▶ _THE DATA_
+-------+
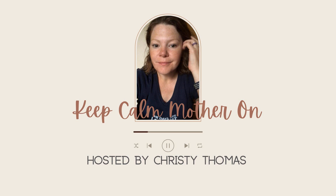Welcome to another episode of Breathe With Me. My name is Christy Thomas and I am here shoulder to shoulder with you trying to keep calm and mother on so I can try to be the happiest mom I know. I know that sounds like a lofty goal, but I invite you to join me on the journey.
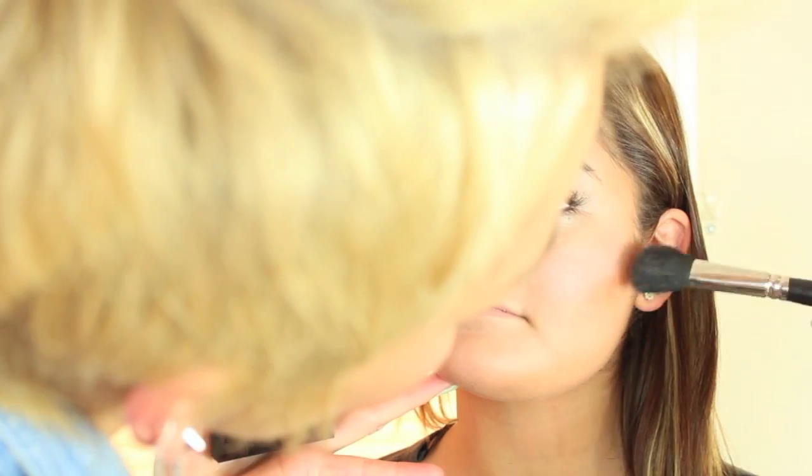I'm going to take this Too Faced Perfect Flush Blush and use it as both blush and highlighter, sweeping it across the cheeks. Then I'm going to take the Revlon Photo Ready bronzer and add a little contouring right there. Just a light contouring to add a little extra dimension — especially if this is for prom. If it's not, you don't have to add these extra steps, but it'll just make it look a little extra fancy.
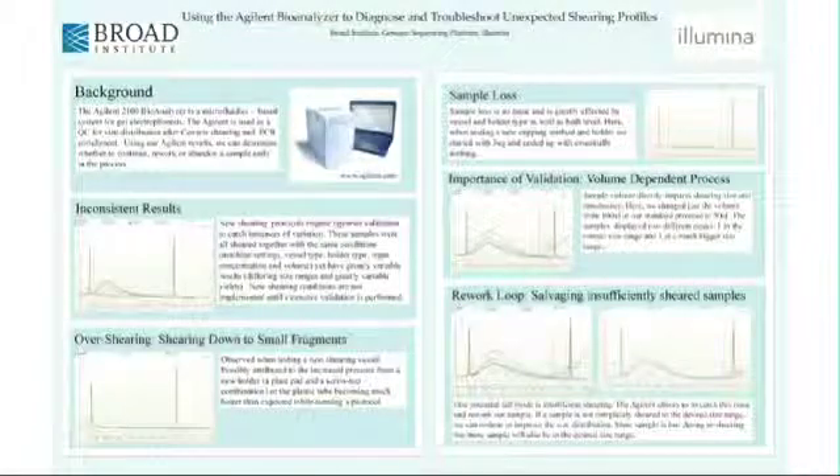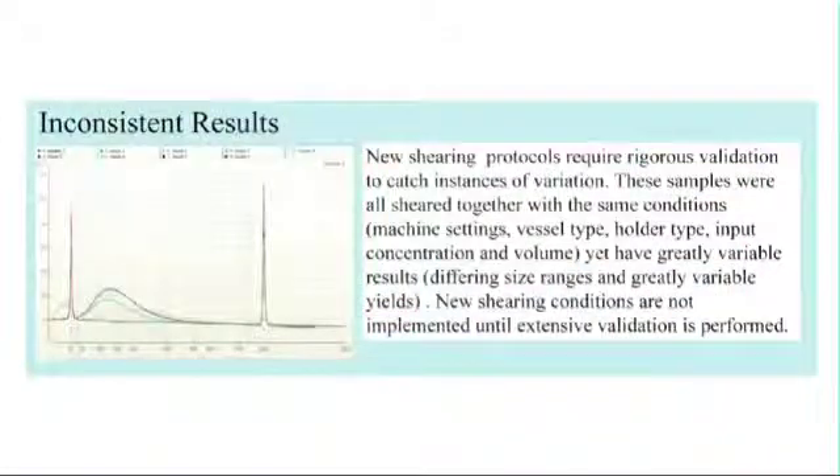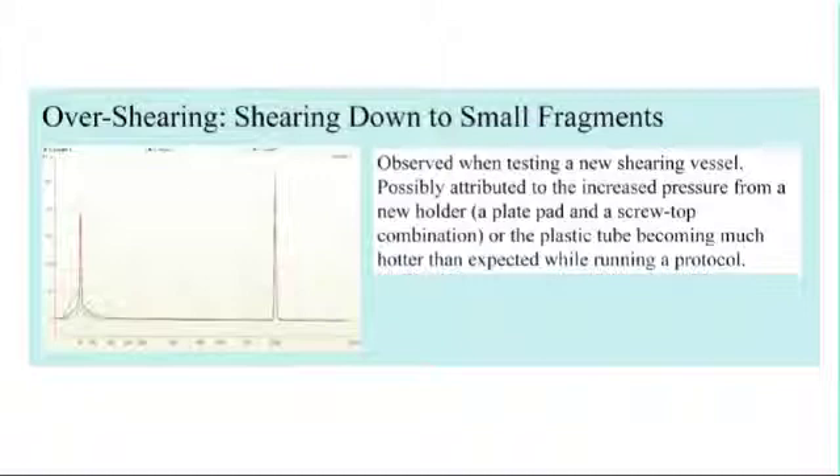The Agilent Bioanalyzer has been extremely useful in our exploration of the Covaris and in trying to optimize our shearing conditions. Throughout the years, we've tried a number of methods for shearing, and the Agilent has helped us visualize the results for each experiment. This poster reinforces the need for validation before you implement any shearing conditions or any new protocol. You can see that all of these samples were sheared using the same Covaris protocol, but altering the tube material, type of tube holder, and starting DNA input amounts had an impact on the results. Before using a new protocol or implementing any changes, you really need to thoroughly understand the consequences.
+-------+
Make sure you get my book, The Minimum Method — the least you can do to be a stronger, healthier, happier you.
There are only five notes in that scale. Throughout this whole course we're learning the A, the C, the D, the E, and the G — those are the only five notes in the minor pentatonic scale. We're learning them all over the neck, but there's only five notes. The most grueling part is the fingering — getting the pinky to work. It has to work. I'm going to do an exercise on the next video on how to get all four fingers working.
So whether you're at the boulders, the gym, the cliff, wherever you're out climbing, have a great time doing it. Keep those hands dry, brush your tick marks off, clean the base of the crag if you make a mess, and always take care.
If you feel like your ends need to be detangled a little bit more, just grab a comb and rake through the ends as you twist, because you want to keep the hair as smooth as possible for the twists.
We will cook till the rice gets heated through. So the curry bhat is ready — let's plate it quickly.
+-------+
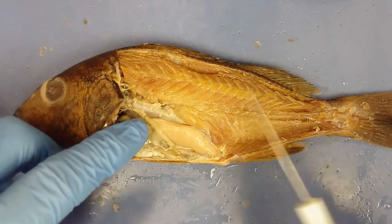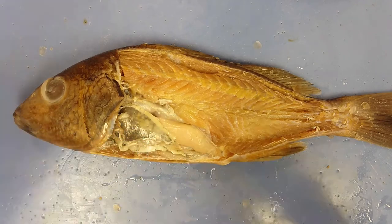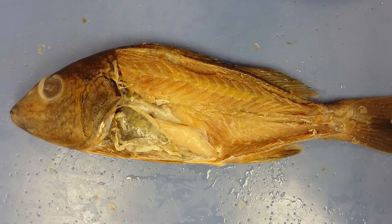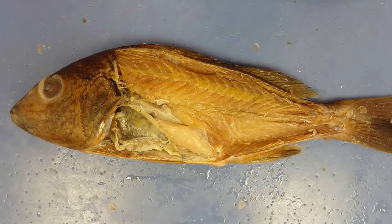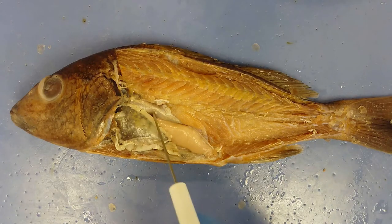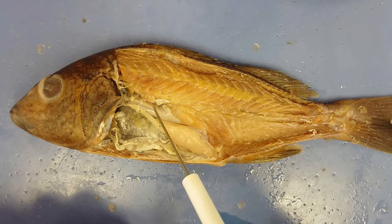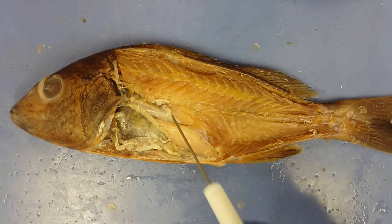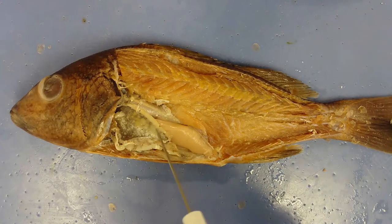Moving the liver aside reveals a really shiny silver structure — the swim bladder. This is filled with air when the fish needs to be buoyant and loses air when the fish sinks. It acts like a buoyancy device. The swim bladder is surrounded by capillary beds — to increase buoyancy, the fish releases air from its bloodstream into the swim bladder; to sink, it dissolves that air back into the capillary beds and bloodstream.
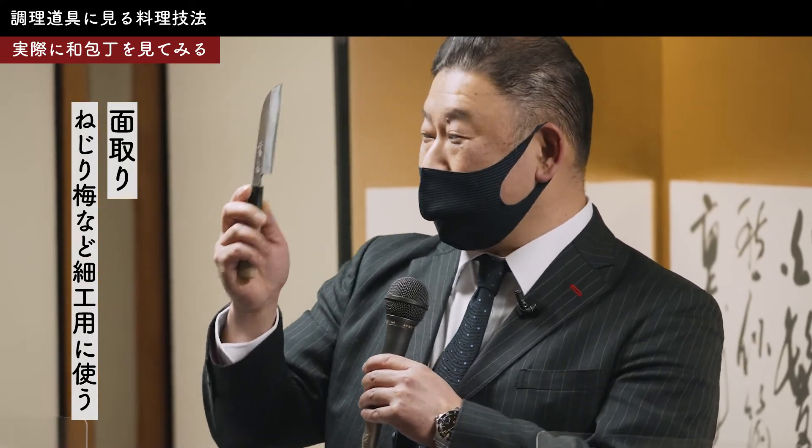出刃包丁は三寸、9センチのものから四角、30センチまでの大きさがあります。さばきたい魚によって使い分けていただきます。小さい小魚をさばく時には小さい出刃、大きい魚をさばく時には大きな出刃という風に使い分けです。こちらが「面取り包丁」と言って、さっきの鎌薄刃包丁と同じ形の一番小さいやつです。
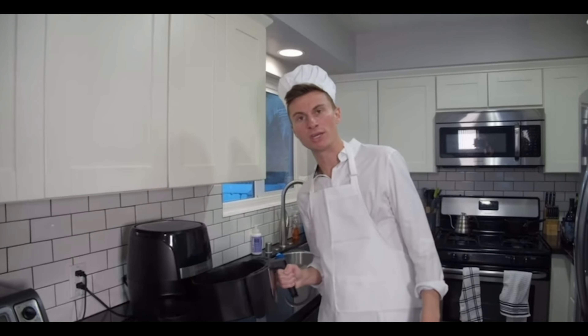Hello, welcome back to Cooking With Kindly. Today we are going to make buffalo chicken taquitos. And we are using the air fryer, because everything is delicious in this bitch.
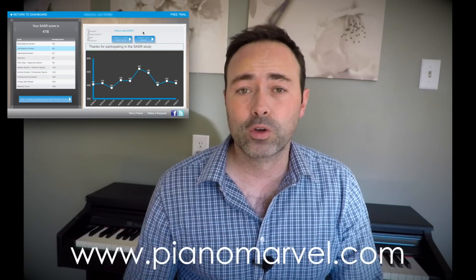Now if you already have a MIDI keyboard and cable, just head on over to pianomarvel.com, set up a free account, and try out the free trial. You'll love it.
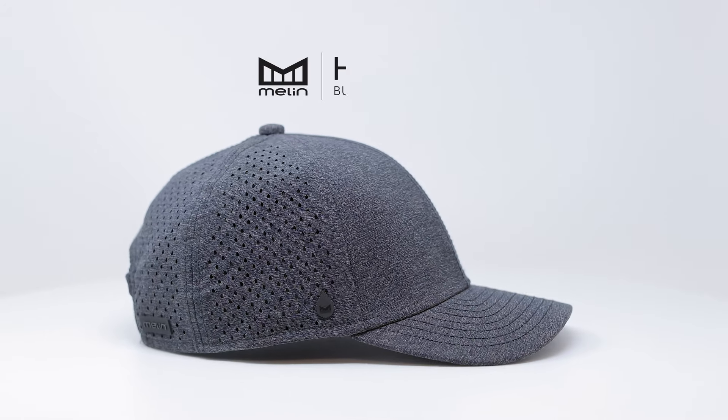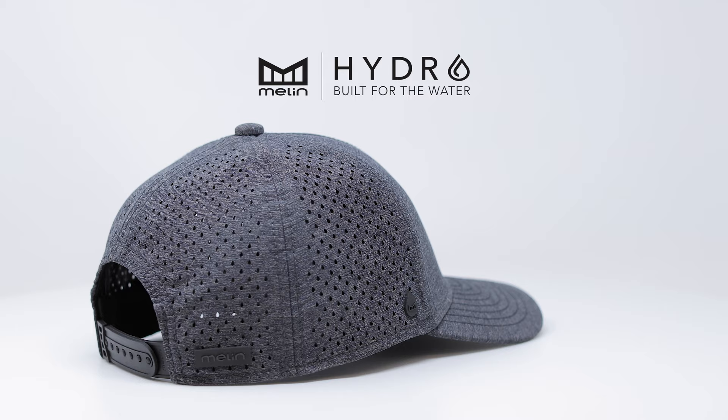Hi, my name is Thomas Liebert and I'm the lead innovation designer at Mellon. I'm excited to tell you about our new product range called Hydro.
+-------+
▶ _WORK ORDER_
Range to copy from the listing above: the line containing "Welcome to another" down to the line containing "I'm going to take this", both included. Reproduce it exactly, minus the pictures, and add nothing.

▶ _EXERCISE RESPONSE_
Welcome to another episode of Breathe With Me. My name is Christy Thomas and I am here shoulder to shoulder with you trying to keep calm and mother on so I can try to be the happiest mom I know. I know that sounds like a lofty goal, but I invite you to join me on the journey.
I'm going to take this Too Faced Perfect Flush Blush and use it as both blush and highlighter, sweeping it across the cheeks. Then I'm going to take the Revlon Photo Ready bronzer and add a little contouring right there. Just a light contouring to add a little extra dimension — especially if this is for prom. If it's not, you don't have to add these extra steps, but it'll just make it look a little extra fancy.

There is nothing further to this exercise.